• [EXERCISE GOAL]: Check each line of the material that follows, and copy those holding the string "Double".

• [INFORMATION SUPPLIED]:
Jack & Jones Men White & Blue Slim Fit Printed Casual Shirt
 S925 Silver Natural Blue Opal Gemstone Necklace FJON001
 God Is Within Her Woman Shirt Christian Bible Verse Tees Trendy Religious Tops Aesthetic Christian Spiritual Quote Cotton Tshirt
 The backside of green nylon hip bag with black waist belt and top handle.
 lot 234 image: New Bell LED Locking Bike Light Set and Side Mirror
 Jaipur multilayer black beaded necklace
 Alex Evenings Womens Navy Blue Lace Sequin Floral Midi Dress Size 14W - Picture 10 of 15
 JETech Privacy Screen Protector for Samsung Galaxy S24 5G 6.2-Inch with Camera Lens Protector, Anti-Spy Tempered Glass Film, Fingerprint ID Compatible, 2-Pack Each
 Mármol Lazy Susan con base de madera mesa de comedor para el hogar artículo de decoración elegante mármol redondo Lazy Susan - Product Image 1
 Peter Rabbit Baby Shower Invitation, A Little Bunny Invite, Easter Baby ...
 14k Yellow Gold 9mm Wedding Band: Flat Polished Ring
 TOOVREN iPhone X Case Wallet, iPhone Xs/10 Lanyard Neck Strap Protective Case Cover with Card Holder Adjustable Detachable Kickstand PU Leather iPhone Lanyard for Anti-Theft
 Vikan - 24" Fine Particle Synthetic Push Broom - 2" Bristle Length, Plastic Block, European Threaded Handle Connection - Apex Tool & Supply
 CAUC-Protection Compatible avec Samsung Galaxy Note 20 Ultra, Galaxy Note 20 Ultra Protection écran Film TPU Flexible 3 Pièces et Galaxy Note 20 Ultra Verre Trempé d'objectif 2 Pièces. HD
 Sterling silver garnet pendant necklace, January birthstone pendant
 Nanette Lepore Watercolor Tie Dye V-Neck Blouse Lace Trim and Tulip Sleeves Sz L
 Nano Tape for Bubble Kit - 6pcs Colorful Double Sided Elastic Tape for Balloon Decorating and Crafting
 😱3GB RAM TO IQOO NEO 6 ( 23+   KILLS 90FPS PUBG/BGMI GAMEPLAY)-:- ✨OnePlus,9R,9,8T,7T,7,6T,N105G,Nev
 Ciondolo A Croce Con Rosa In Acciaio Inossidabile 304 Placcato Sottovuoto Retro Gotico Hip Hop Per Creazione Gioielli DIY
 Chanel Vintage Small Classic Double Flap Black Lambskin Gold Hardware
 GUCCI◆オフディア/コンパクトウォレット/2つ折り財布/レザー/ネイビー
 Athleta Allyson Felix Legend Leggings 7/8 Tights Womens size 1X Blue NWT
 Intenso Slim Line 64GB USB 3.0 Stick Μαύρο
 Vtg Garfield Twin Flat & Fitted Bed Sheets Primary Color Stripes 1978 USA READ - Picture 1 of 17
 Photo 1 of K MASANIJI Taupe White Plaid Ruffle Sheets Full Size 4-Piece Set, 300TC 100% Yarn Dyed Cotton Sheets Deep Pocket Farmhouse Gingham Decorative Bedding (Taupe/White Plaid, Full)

• [SOLUTION TO THIS EXERCISE]:
 Nano Tape for Bubble Kit - 6pcs Colorful Double Sided Elastic Tape for Balloon Decorating and Crafting
 Chanel Vintage Small Classic Double Flap Black Lambskin Gold Hardware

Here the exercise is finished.